James Lowen 


17 Dec 2022 Hoomz

Hume's Leaf Warbler - 'Hoomz', a delightful phyllosc that hasn't been split that long from Yellow-browed Warbler - is a bird two halves for me. Other than my first (a bird at Sizewell in Suffolk in around 2003 or 2004), I have never travelled more than ten miles out of my way to see one; and yet I think I have now seen ten in the UK, all between Norfolk and Sussex. This is not because I disdain the bird - far from it. I strongly crave the species - but I want to find my own, rather than twitch other people's.  So far, no joy: it always feels a late-autumn prospect, but the dream has never been realised. The closest I have come is this tricky sprite from Spurn in 2002 - on balance more likely an adult YBW than an early Hume's.

Perhaps all of this - the photographic ineptitude, the desire to find rather than twitch, and yet the paradoxical reasonable number of individuals I have managed to see in the UK - explain why I left seeing Norfolk's latest individual for so long. I can't remember when the Brancaster bird was found, but it feels like at least a fortnight ago. Yesterday, however, it was lovely and sunny so I joined Will and Sarah for a day out. In my mind's eye, I had the light behind me, while the Hoomz performed on the outer branches of a pathside willow, barely 15 feet from my lens. Reality was different. The bird was gloriously vocal and reasonably showy, but was on the south side of the path - meaning we were perpetually squinting into the sun, at silhouettes of bird and tree - and mainly preferred the lower, deeper parts of the willow. Moreover, messy vegetation made my camera/lens combo hunt and hunt without finding. All in all, this means my photos were possibly the worst I've ever taken.The quest for the perfect Hoomz - whether my own encounter or a showy individual - goes on...  

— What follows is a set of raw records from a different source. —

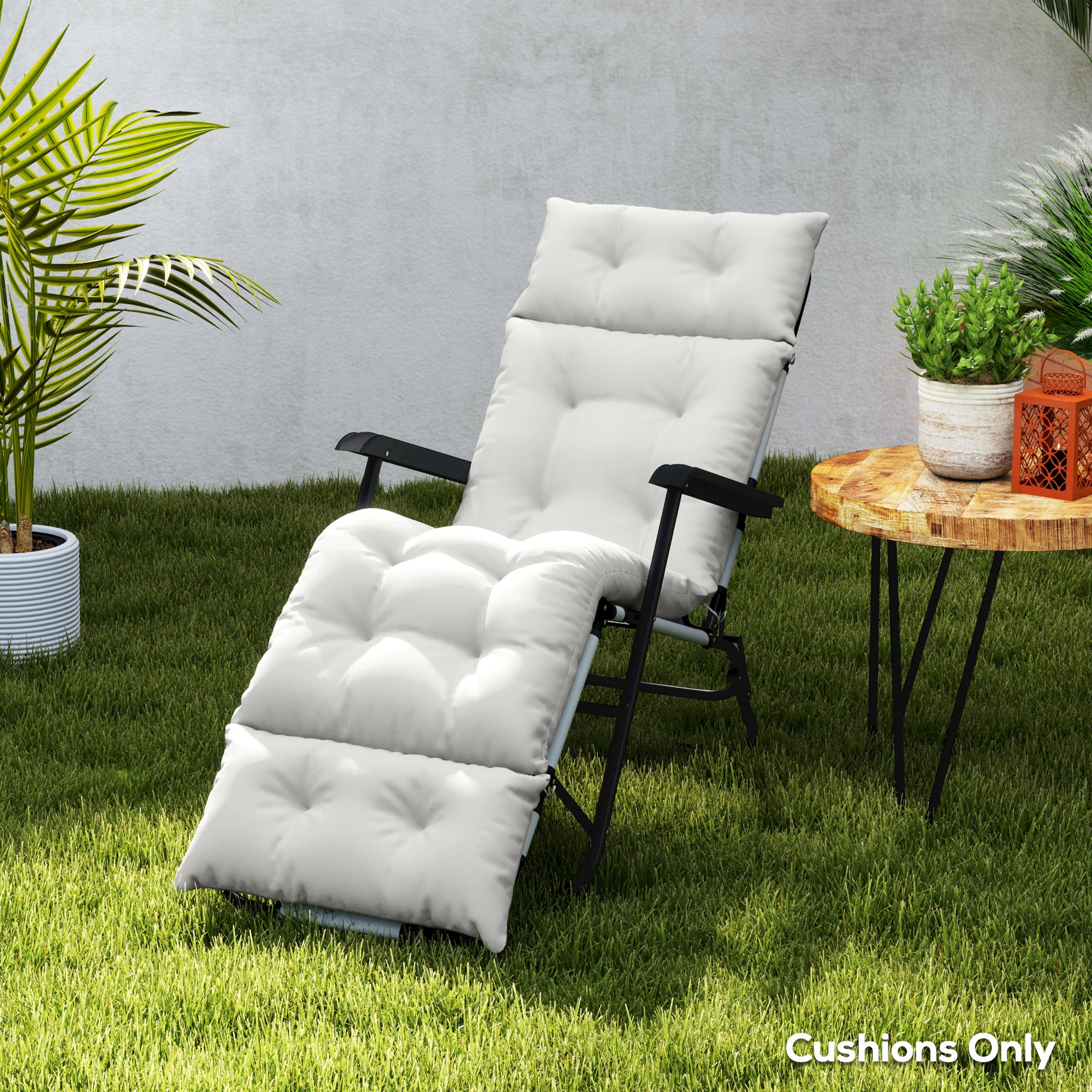 Thick Sun Lounger Cushion, Lounger Cushion 190 x 56 x 10 cm, UPF20+, Lounger Mattress with Six Fastenings, for Garden, Patio, Balcony, Light Gray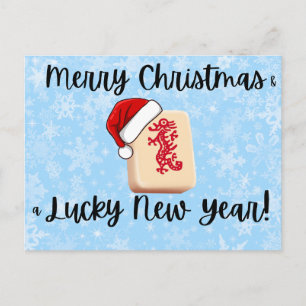 Mahjong Weihnachts-Postkarte Feiertagspostkarte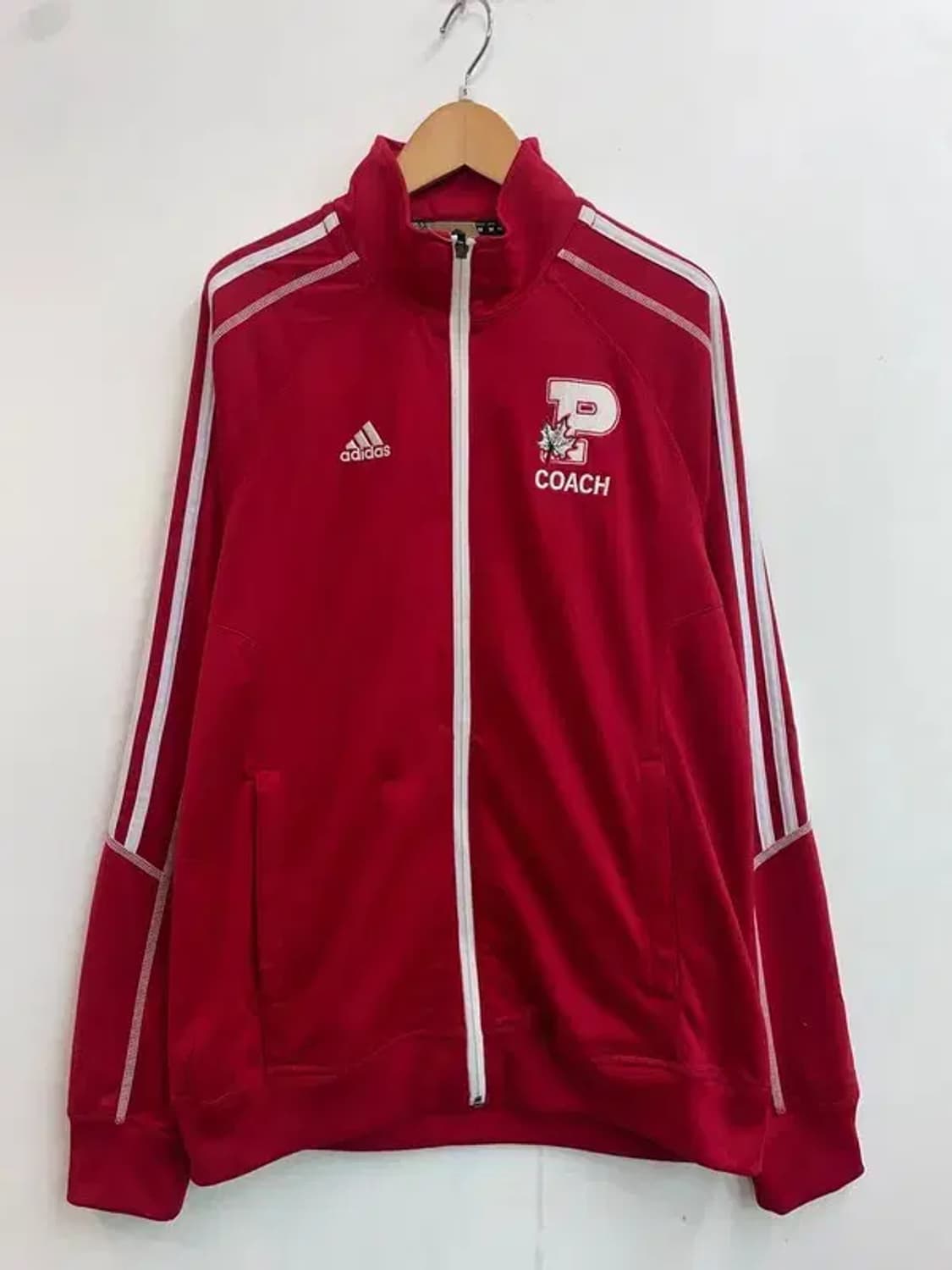 미디움 아디다스 삼선 코치 트레이닝탑 져지 레드 상품이미지2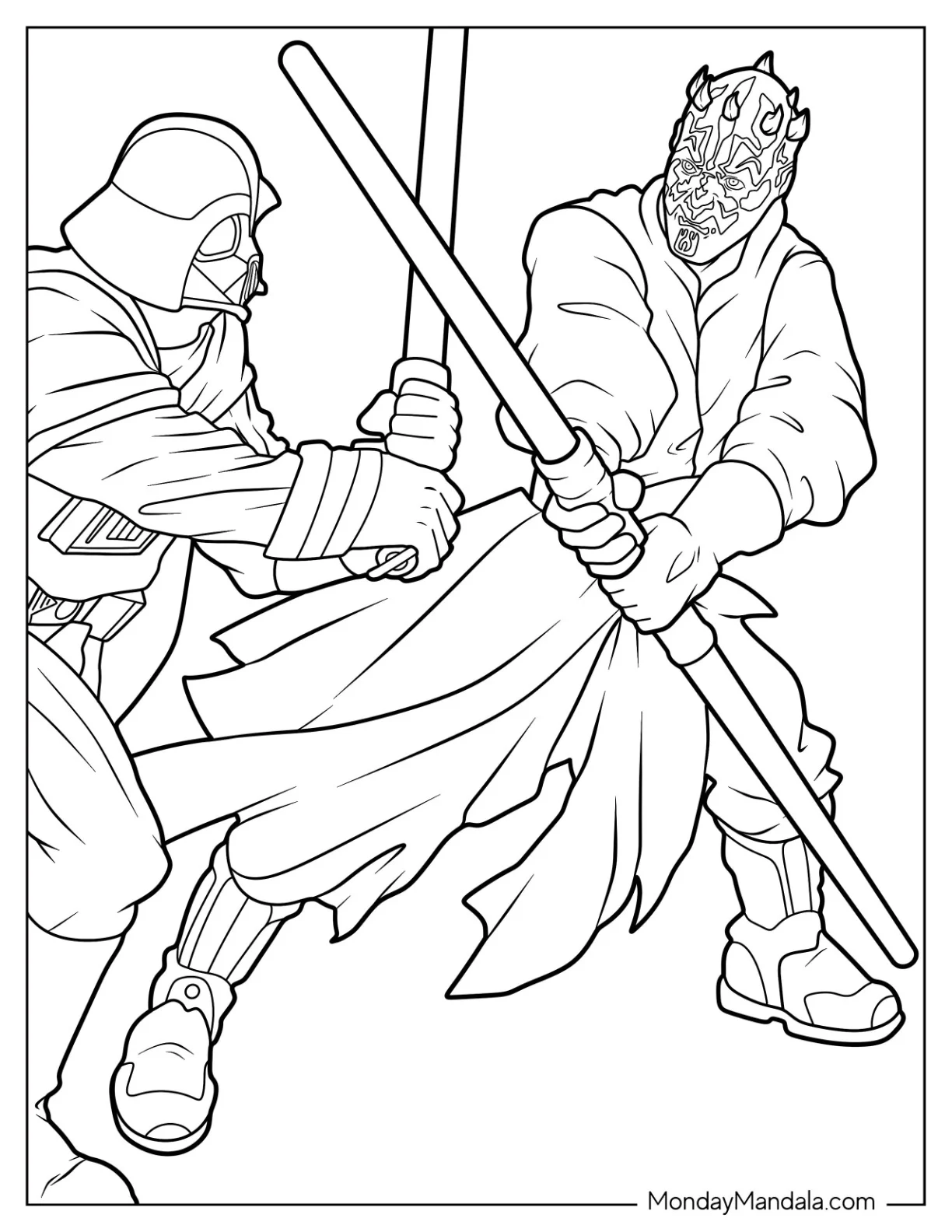 Darth Vader Coloring Page Fighting Darth Maul coloring page — printable line art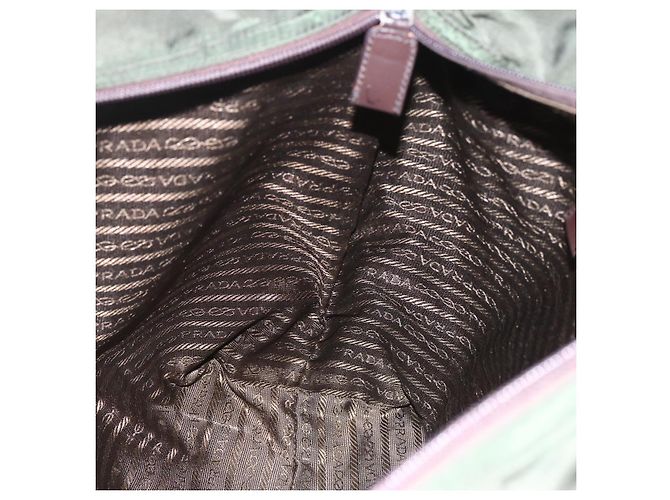PRADA Tote Bag aus Nylon Khaki Silber authentisch ka1393 - Ansicht 22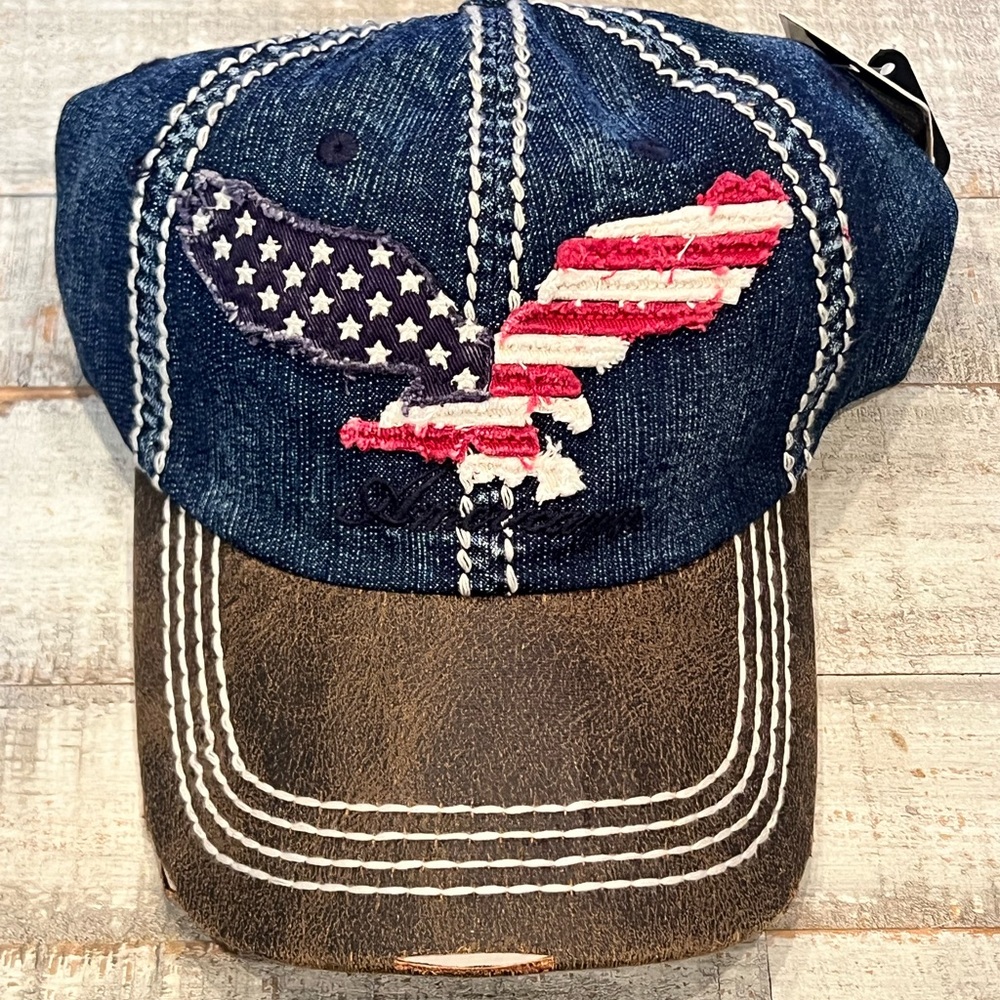 Denim American Flag Eagle Cap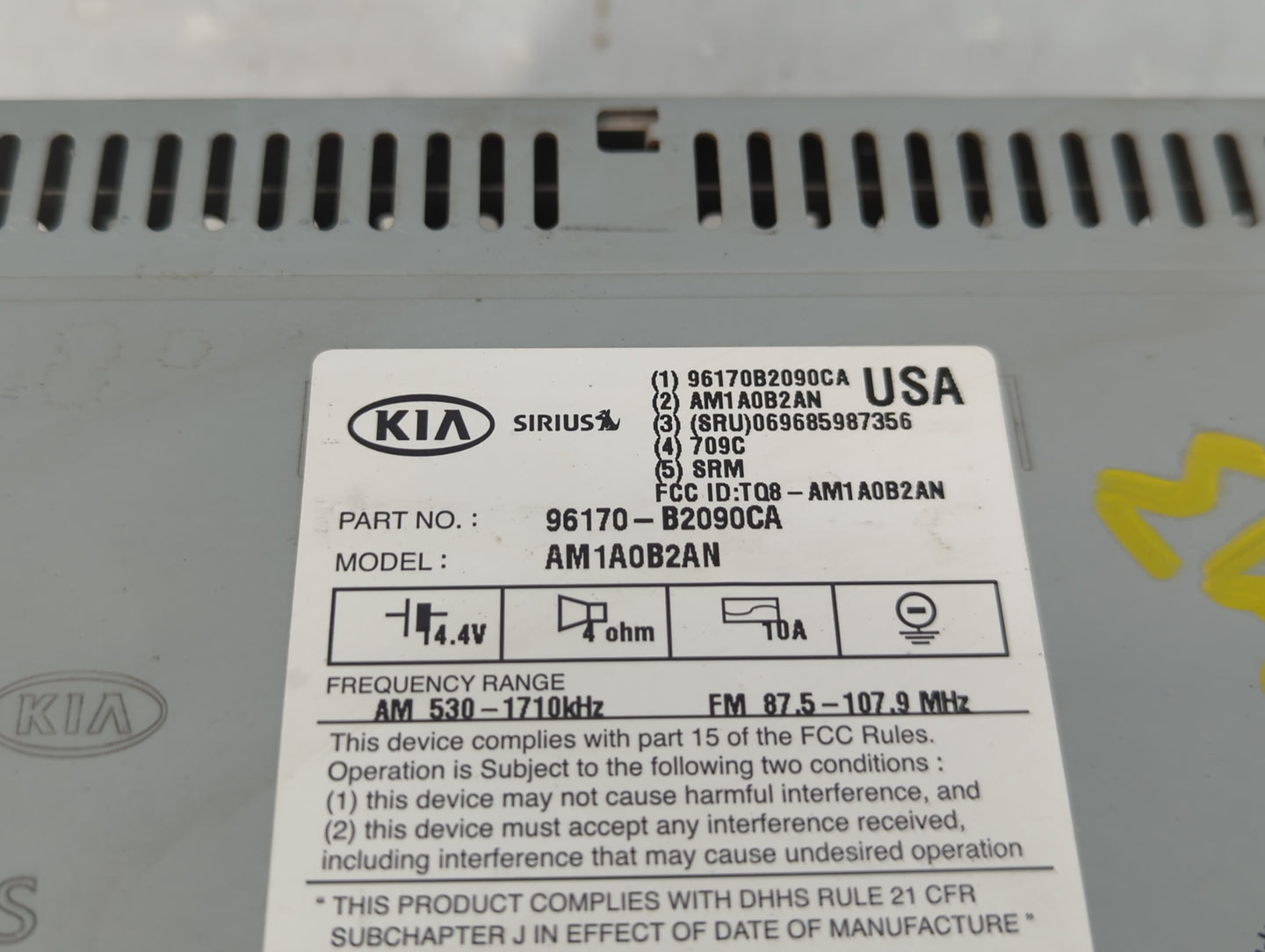2014-2016 Kia Soul Radio AM FM Cd Player Receiver Replacement P/N:96170-B2090CA Fits Fits 2014 2015 2016 OEM Used Auto Parts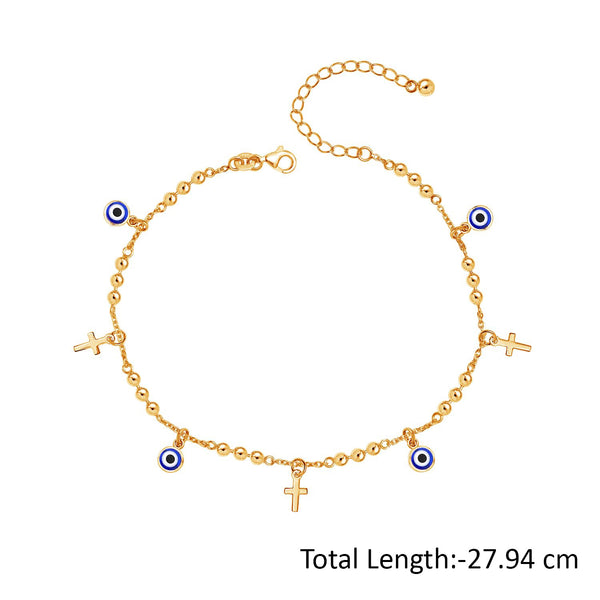 925 Sterling Silver 14K Gold-Plated Evil Eye & Cross Charm Round Bead Ball Chain Anklets for Women (SINGLE ANKLET)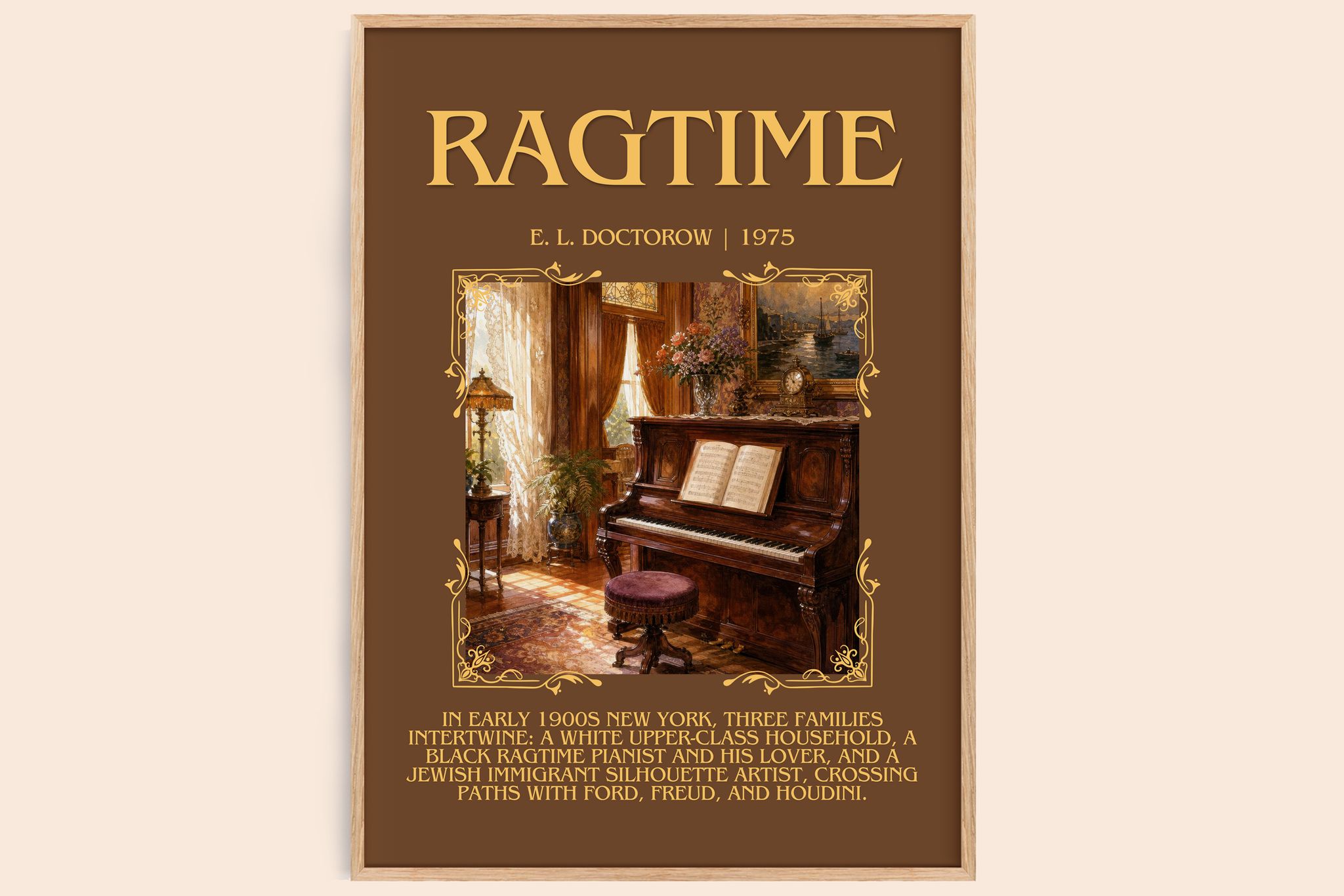 Ragtime Minimalist Book Poster by E. L. Doctorow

I also yearn to take a decent photograph of one. All my efforts have been stymied by poor light, intrusive vegetation, shadows and flitty bird - combined with the constant, a poor photographic technique. Here are a few previous efforts, to show you what I mean. All are from Norfolk, since moving here. I will spare you my efforts from an earlier bird at Dungeness - but even those are better than the Sussex bird last winter, which I only managed to voice-record and never got near with the camera! (This photographic fortune also means the Spurn sprite can't have been a Hume's, because my images of it are pretty good!)